Florida ‘Stand Your Ground’ parking lot shooter defends killing black man

The killer of an African-American man who confronted him in a Florida parking lot says that he felt justified in what he did

Markeis McGlockton thegrio.com
Markeis McGlockton was killed by Michael Drejka in Pinellas County, Florida. After arguing that the state’s “Stand Your Ground” law shielded his fatal attack, a jury found Drejka guilty of manslaughter on Friday. (Photo courtesy of Justice for Markeis McGlockton)

Michael Drejka, the white Florida man who fatally shot a black man in a parking lot, spoke out in a recent jailhouse interview about his confrontation with Markeis McGlockton but showed little remorse for the killing, the Daily Mail reports.

READ MORE: Aretha Franklin’s family disappointed with pastor’s controversial eulogy

Drejka was charged with manslaughter after he gunned down McGlockton in Clearwater, mere seconds after he shoved him during a confrontation with McGlockton’s girlfriend Britany Jacobs over a handicapped parking space.

Drejka claimed Florida’s ‘Stand Your Ground’ defense and said in the interview that he was afraid.

“I was very scared. I’ve never been confronted like that, never been assaulted like that, if you will, ever,” Drejka said the interview.

McGlockton, 28, emerged from a store to find Drejka arguing with his girlfriend. McGlockton pushed him away but Drejka said he “didn’t know it was a shove.”

“It felt like I was tackled, or someone hit me from behind with something. I left my feet, and slid along the ground,” Drejka, 48, said in the interview.

He defended his decision to shoot McGlockton saying:

“I followed the law the way I felt the law was supposed to be followed. I cleared every hurdle that the law had to put in front of me.”

The trigger was seeing McGlockton’s car parked in a handicap spot. He said he spent his ‘whole life’ looking ‘for a handicapped parking spot’ for his late high school sweetheart and, more recently, his mother-in-law.

“It’s always been a hotbed for me, always touched a nerve with me,” he said. “The parking spots, the way they’re used and abused.”

READ MORE: Nike launches powerful Colin Kaepernick campaign

“I did not confront anyone.

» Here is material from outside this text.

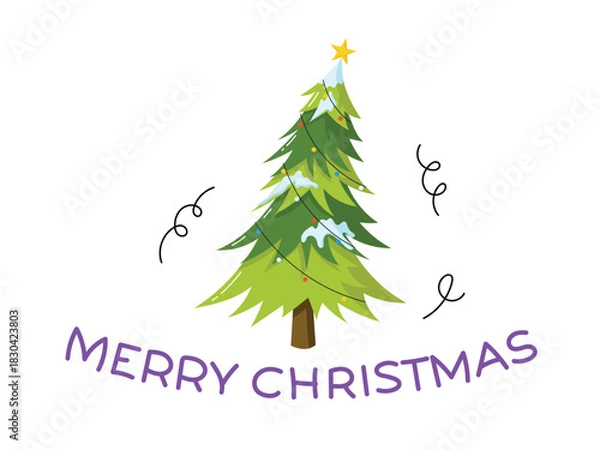 Obraz Merry Christmas Tree with Christmas ball, greeting card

I was confronted and I answered. I didn’t know what was coming for me and there’s only one way to look at that,” he said. “You have to be scared for it, cause if you’re not, you’re wrong. And that’s that.

“So yeah, I was very scared. I’ve never been confronted like that. I’m not a physical person to begin with, I don’t wrestle with people, I don’t push and shove my friends.”

Pinellas County (Fla.) Sheriff Bob Gaultieri said at the time that he didn’t plan to charge Drejka since McGlockton pushed him down first sparking outrage around the country.

But the Pinellas County Sheriff’s Office announced that the State Attorney had finished reviewing the case and has decided to charge Michael Drejka with manslaughter.

Drejka said he was devastated, but he offered an apology to the family.

“I’m sorry. That’s all I can really say to them. …Thinking about it, would you accept those kinds of words from someone? I don’t think I would,” he said. “I think there’s too much hate already … for me to be able to say anything that would make any kind of difference,” he said.